OS: Win64 PsychoPy version: v2023.2.2 Standard Standalone? (y/n): yes What are you trying to achieve?: I believe I am getting closer to my goal. see my previous post
edited to remove an issue I’ve sorted (see reply below)
I used the np.random.choice on my numpy array equation for calculating the levels to give to the participant (see below). It then crashed when I ran and gave me the type error (see below). I am wondering if anyone knows a way to choose at random 9 items within a ‘block’ created by this equation?
What did you try to make it work?: I tried installing a specific version of numpy via install numpy (1.23.2), I tried using pipe – version or numpy – version. I tried deleting my pre-existing numpy package and replacing it with the 23 version (Psychopy didn’t even open when I did that). I have tried the np.random and other codes. I have tried changing my lope and Excel spreadsheets. I am running out of ideas and seriously need some guidance (even if it is just a link!). I have tried most of the solutions on here for randomization, but sadly, they haven’t worked for my specific project.
What specifically went wrong when you tried that?:
Include pasted full error message if possible.
File “C:\Users\hanna\OneDrive\Documents\University\PhD\Studies\Paradigm\PsychPi\Effort_lastrun.py”, line 4150, in
run(
File “C:\Users\hanna\OneDrive\Documents\University\PhD\Studies\Paradigm\PsychPi\Effort_lastrun.py”, line 456, in run
p1 = itemgetter(np.random.choice(*np.where(np.array(olevels) == base_lev)[0]))(all_ps)
File “mtrand.pyx”, line 825, in numpy.random.mtrand.RandomState.choice
TypeError: choice() takes at most 4 positional arguments (9 given)
2783.8571 WARNING Exception caught: C++ assertion “m_buffer && m_buffer->IsOk()” failed at …..\src\common\dcbufcmn.cpp(134) in wxBufferedDC::UnMask(): invalid backing store
################ Experiment ended with exit code 1 [pid:22036] #################
(btw, I inherited this and have tried to change it to our new goal, I am a PhD student, and any help is much appreciated).
Well, good news. @JensBoelte post helped me with the numpy part of my problems. Yet, I still need a different way to choose nine items at random as the rp.random.choice is still throwing the same error message, sadly.
Currently, I am getting a lot of errors since I am using package 24 of numpy, which is over the limit??, as this may be what is causing the problem instead??
C:\Program Files\PsychoPy\lib\site-packages\scipy_init_.py:146: UserWarning: A NumPy version >=1.16.5 and <1.23.0 is required for this version of SciPy (detected version 1.24.4
pygame 2.1.0 (SDL 2.0.16, Python 3.8.10)
warnings.warn(f"A NumPy version >={np_minversion} and <{np_maxversion}"
Traceback (most recent call last):
File “C:\Program Files\PsychoPy\lib\site-packages\wx\core.py”, line 3407, in
lambda event: event.callable(*event.args, **event.kw) )

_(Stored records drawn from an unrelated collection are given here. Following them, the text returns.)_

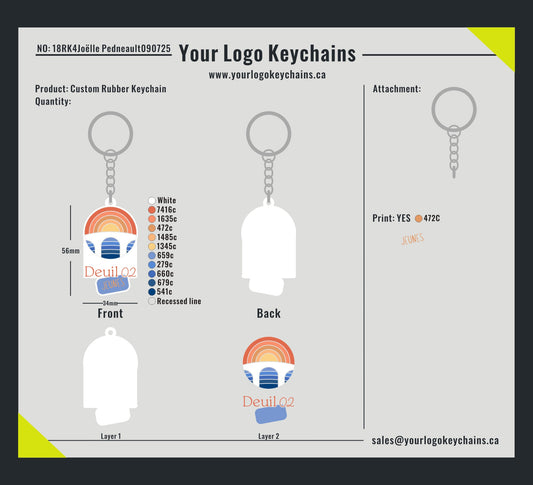 Custom rubber keychain-18RK4Joëlle Pedneault090725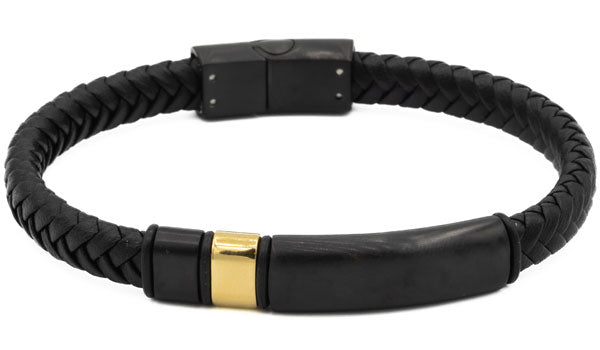 Gold Miller Leather Bracelet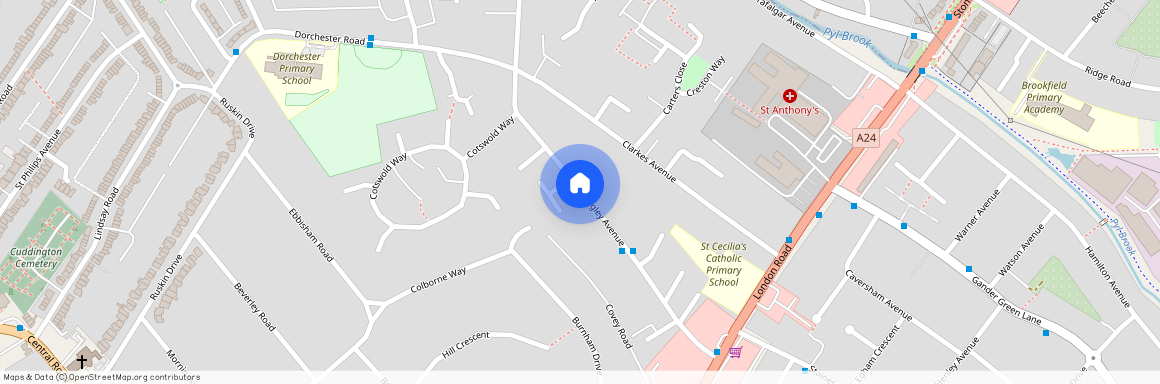 Langley Avenue, Worcester Park, KT4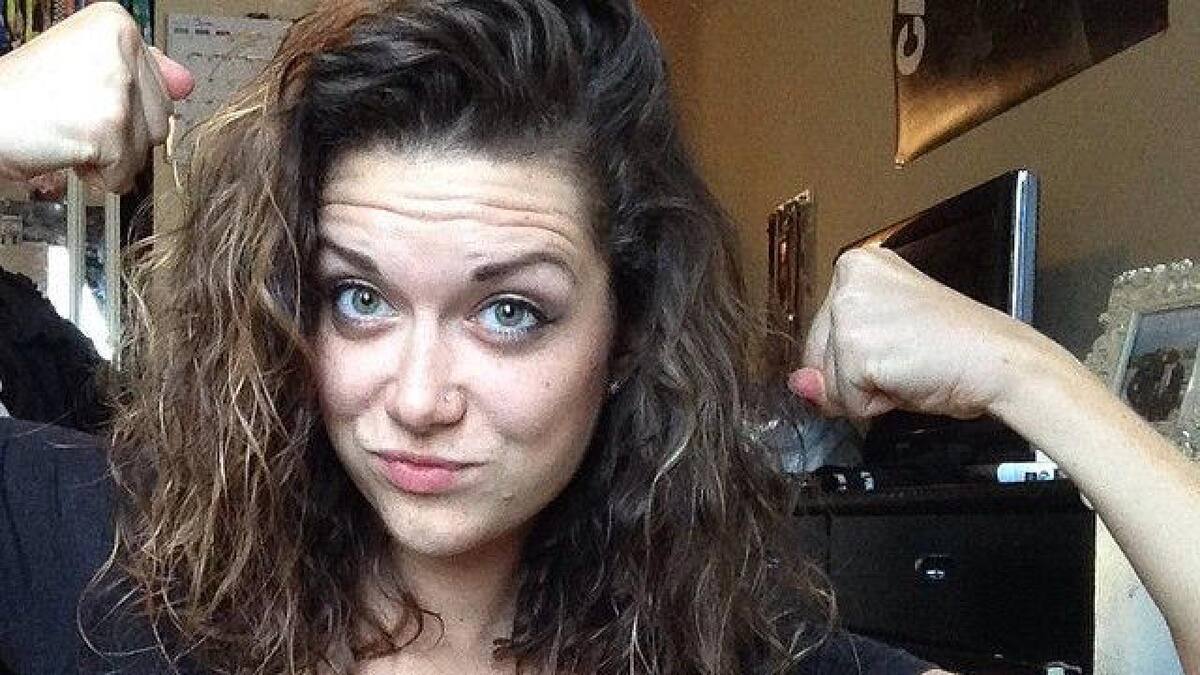 Katie Donell, "La reina del ejercicio". Foto: X @wizfun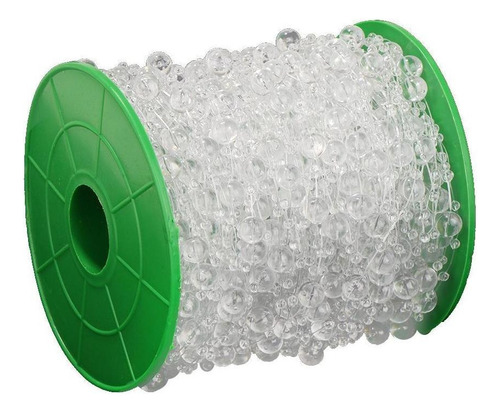 W 60m Perla 80mm+ 3mm Estrella Falso Cuerda Aplique Boda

File “C:\Program Files\PsychoPy\lib\site-packages\psychopy\app\runner\scriptProcess.py”, line 273, in _onErrorCallback
self._onInputCallback(streamBytes)
File “C:\Program Files\PsychoPy\lib\site-packages\psychopy\app\runner\scriptProcess.py”, line 256, in _onInputCallback
self._writeOutput(streamBytes)
File “C:\Program Files\PsychoPy\lib\site-packages\psychopy\app\runner\scriptProcess.py”, line 234, in _writeOutput
stdOut.write(text)
File “C:\Program Files\PsychoPy\lib\site-packages\psychopy\app\console.py”, line 113, in write
self.broadcast(text=text)
File “C:\Program Files\PsychoPy\lib\site-packages\psychopy\app\console.py”, line 135, in broadcast
runner.stdOut.write(text)
File “C:\Program Files\PsychoPy\lib\site-packages\psychopy\app\stdout\stdOutRich.py”, line 385, in write
self.WriteText(thisLine)
wx._core.wxAssertionError: C++ assertion “wxWindow::FindFocus() == GetWindow()” failed at …..\src\msw\caret.cpp(160) in wxCaret::DoMove(): how did we lose focus?

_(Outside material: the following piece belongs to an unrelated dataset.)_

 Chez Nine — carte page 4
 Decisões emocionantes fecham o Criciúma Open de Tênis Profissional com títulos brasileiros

Hi everyone! I solved it. If anyone else wants to randomise but wants certain 'constraints. This line of code uses NumPy to select elements from the all_ps list based on a condition (In this case, the condition is that the elements of the olevels list are equal to base_lev). The numpy.where function is used to return a tuple of arrays, one for each dimension of the input array, that indicate the indices where the specified condition is true.
The * operator is used to unpack the tuple returned by numpy.where into separate arguments for the itemgetter function. The itemgetter function then returns a callable object that can be used to retrieve the specified elements from the all_ps list.p1.